There's A Bay To Breakers Episode
Here's an exchange between the Belchers about the annual "Bog to Beach" parade.
Linda: “All the free spirits out on the street having a blast... You drink a lot, you wear crazy costumes.” Tina: “And some people don’t wear costumes, or anything. Sun’s out, buns out, am I right?” Bob: “It gets a little out of control. People pee everywhere.”
If that's not a description of Bay to Breakers, then Tina isn't in love with Jimmy Jr's butt.
The Wharf Arts Center Is Clearly In San Jose
The Wharf Arts Center ( or "War! Farts!" if you're Gene) just so happens to be almost identical to the distinctive exterior of San Jose's Center For Performing Arts. Clearly no accident.

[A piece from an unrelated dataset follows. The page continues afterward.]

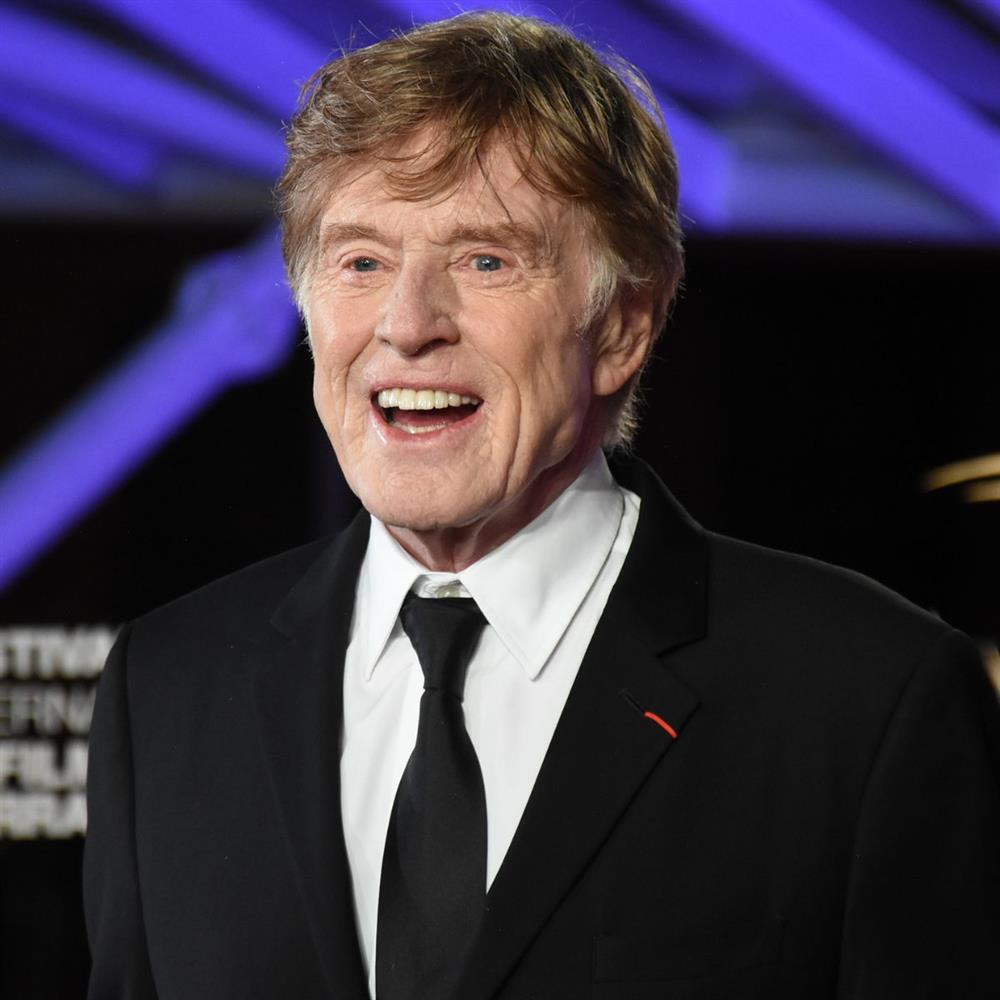 Πέθανε ο Ρόμπερτ Ρέντφορντ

Linda Worries About Earthquakes
In Season 2, Bob's Burgers spoofed The Goonies with an episode titled "The Belchies." As Bob and Linda rush to rescue their treasure-hunting children from the old taffy factory in town, contractors begin to demolish it. As rubble falls around them, Linda exclaims "Maybe it's an earthquake!" That response is infinitely more San Francisco than New Jersey. We'll leave you with the best thing about that episode: "Taffy Butt"—Cyndi Lauper's parody of her very own "Goonies 'R' Good Enough" hit, complete with Jimmy Jr. doing the warehouse routine from Footloose.
All of the above is conclusive proof that, while Bob's Burgers may be officially on the East Coast, it definitely left its heart in San Francisco.